Since mixed nuts are subject to the same standards as individual varieties, it logically follows that as in case of peanuts there is some tolerance in the trade for unshelled filberts as well. Thus the mixed nuts marketed by defendant were merchantable notwithstanding the presence of an unshelled filbert, since the presence of limited quantities of unshelled nuts does not render shelled nuts objectionable in the trade within the meaning of G.S. 25-2-314(2)(a).
G.S. 25-2-314(2)(c) provides that goods are merchantable when they are fit for ordinary purposes. As a food defendant's mixed nuts are subject to various state and federal regulatory acts dealing with the quality of food goods. G.S. 106-129 dealing with adulterated foods is instructive.
". . . A food shall be deemed to be adulterated:
(1) a.

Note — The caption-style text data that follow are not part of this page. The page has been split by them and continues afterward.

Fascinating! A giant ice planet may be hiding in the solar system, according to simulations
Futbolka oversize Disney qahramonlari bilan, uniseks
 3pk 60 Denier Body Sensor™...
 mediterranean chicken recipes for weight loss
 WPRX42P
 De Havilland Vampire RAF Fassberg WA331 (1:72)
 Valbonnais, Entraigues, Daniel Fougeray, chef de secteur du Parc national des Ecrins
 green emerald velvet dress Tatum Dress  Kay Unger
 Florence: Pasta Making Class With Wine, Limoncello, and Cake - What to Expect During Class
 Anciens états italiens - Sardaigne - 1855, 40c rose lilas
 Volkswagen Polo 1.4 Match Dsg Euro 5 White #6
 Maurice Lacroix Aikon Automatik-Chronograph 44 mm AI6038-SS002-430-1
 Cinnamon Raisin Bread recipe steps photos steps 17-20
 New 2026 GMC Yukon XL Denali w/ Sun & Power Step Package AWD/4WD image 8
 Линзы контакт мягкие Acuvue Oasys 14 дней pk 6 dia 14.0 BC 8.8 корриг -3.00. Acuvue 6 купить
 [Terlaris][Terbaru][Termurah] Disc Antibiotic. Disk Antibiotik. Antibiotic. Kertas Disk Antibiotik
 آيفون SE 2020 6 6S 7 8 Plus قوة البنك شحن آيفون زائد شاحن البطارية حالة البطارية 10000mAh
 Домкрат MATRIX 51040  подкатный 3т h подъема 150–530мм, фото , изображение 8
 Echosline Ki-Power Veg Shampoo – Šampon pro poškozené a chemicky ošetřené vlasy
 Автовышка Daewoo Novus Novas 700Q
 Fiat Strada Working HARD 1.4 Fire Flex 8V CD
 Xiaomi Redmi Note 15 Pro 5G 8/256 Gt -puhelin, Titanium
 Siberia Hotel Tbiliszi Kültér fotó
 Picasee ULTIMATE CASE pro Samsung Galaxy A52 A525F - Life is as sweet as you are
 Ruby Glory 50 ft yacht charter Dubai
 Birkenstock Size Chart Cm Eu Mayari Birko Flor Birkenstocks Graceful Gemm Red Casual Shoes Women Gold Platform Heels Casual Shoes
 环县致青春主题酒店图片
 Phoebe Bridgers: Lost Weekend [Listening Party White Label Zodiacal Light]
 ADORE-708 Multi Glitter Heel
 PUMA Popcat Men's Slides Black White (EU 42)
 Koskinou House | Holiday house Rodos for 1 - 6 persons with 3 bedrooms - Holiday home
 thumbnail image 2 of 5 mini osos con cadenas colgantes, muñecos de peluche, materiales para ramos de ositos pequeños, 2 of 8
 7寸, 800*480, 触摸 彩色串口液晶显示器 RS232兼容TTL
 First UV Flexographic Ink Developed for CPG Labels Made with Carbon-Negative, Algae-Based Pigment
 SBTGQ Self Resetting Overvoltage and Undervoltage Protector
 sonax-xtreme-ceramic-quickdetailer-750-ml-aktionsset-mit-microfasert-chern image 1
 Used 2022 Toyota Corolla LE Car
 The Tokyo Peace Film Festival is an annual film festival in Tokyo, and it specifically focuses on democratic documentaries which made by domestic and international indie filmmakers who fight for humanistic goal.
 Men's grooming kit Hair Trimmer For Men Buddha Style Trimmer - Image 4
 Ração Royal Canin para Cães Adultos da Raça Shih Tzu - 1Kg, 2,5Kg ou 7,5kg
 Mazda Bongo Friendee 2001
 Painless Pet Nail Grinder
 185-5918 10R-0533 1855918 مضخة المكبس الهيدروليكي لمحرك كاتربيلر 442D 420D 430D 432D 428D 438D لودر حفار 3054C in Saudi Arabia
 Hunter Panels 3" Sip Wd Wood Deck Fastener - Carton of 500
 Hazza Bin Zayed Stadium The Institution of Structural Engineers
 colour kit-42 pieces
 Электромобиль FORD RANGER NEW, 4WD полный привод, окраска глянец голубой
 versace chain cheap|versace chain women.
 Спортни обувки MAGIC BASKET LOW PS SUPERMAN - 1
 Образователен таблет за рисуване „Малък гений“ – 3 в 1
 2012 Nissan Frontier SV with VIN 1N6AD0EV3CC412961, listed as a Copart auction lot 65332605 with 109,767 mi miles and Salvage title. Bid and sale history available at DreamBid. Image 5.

If it bears or contains any poisonous or deleterious substance which may render it injurious to health; but in case the substance is not an added substance such food shall not be considered adulterated under this paragraph if the quantity of such substance in such food does not ordinarily render it injurious to health; ... .." (Emphasis added.)
This language is amplified in regulations promulgated under the Federal Food, Drug and Cosmetic Act, 21 U.S.C. § 342 et seq. (1970). See, e. g., 21 C.F.R. § 122.1(b) (1975). These regulations have been adopted by the State Board of Agriculture pursuant to G.S. 106-128 and are currently in effect in North Carolina. See 2 N.C.A.C. 9B.0008 (1976).
Thus, it appears by statute and regulation that a certain limited amount of naturally occurring unshelled filberts is permissible without rendering the food goods adulterated. As such they are fit for ordinary purposes and merchantable under G.S. 25-2-314(2)(c).
Plaintiff can find no comfort in the foreign substance doctrine as the unshelled filbert was not a foreign substance. It is well recognized in this and other jurisdictions passing on the question that the presence of natural impurities is no basis for liability. Adams v. Great Atl. & Pac. Tea Co., 251 N.C. 565, 112 S.E.2d 92 (1960); Webster v. Blue Ship Tea Room, Inc., 347 Mass. 421, 198 N.E.2d 309 (1964).
In Adams, the plaintiff alleged that he broke a tooth while eating corn flakes when he bit down on a part of a grain of corn which had crystallized into a state as hard as quartz. Plaintiff sued on the theory of implied warranty and the trial court entered judgment of involuntary nonsuit. The Supreme Court affirmed the judgment *539 on the ground that the crystallized grain of corn was not a foreign substance but was a natural part of the original food not removed in processing, and its presence should have been anticipated by the consumer.
Recovery was denied in numerous cases from other jurisdictions where the impurity was a natural incident of the food. See: Allen v. Grafton, 170 Ohio St. 249, 10 Ohio Ops.2d 289, 164 N.E.2d 167 (1960) (oyster shell in oyster stew); Shapiro v. Hotel Statler Corp., 132 F.Supp. 891 (S.D.Cal.1955) (fish bone in fish stew); Lamb v. Hill, 112 Cal.App.2d 41, 245 P.2d 316 (1952) (chicken bone in chicken pie); Silva v. F. W. Woolworth Co., 28 Cal.App.2d 649, 83 P.2d 76 (1938) (fragment of turkey bone in roast turkey).
Since the impurity complained of in this case was a natural incident of the goods in question, we feel that there was no breach of the implied warranty of merchantability.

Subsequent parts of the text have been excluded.